#### RECORDED DATA
+===+

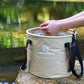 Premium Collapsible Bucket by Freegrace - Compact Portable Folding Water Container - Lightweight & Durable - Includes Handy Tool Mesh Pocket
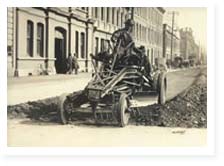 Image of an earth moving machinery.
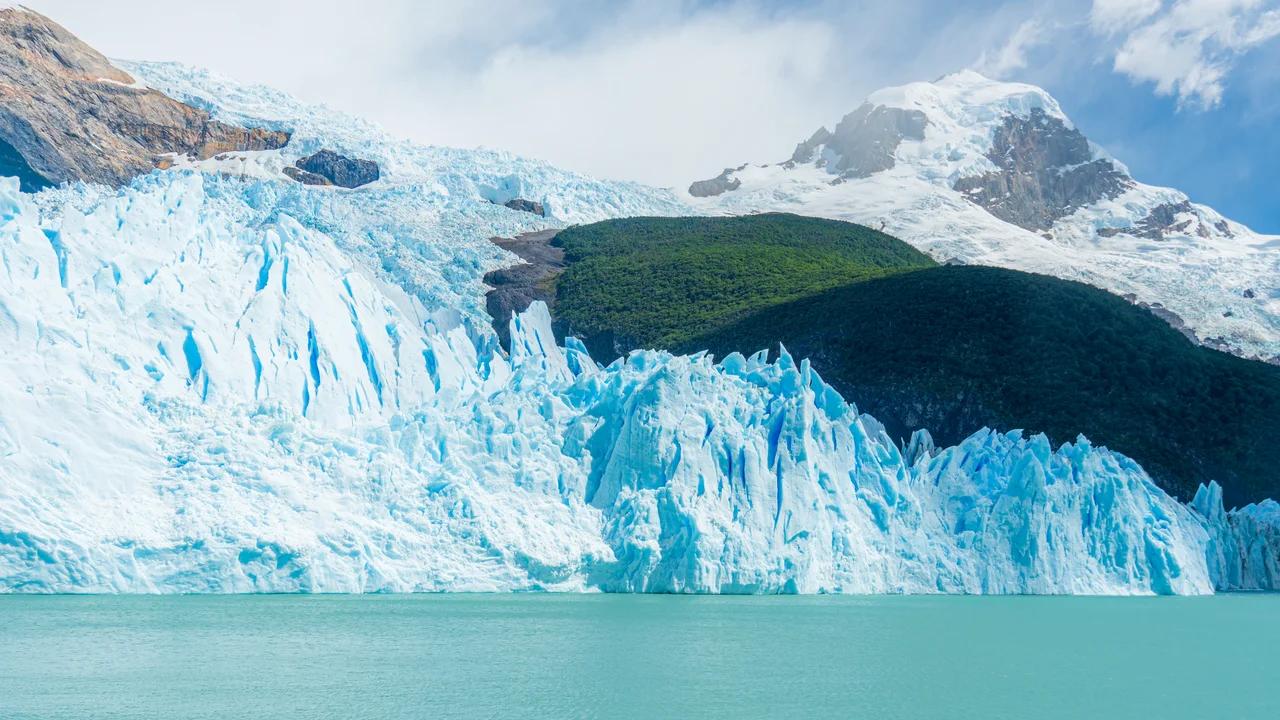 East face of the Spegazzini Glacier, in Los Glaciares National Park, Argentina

+===+

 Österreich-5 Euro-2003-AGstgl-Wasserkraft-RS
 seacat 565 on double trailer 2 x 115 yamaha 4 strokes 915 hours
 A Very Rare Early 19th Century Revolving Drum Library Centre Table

+===+

#### TASK DETAILS
With the pictures left out, write out exactly the lines above from the one containing "Premium Collapsible Bucket" through the one containing "East face of".

#### REPLY TO THE TASK
 Premium Collapsible Bucket by Freegrace - Compact Portable Folding Water Container - Lightweight & Durable - Includes Handy Tool Mesh Pocket
 Image of an earth moving machinery.
 East face of the Spegazzini Glacier, in Los Glaciares National Park, Argentina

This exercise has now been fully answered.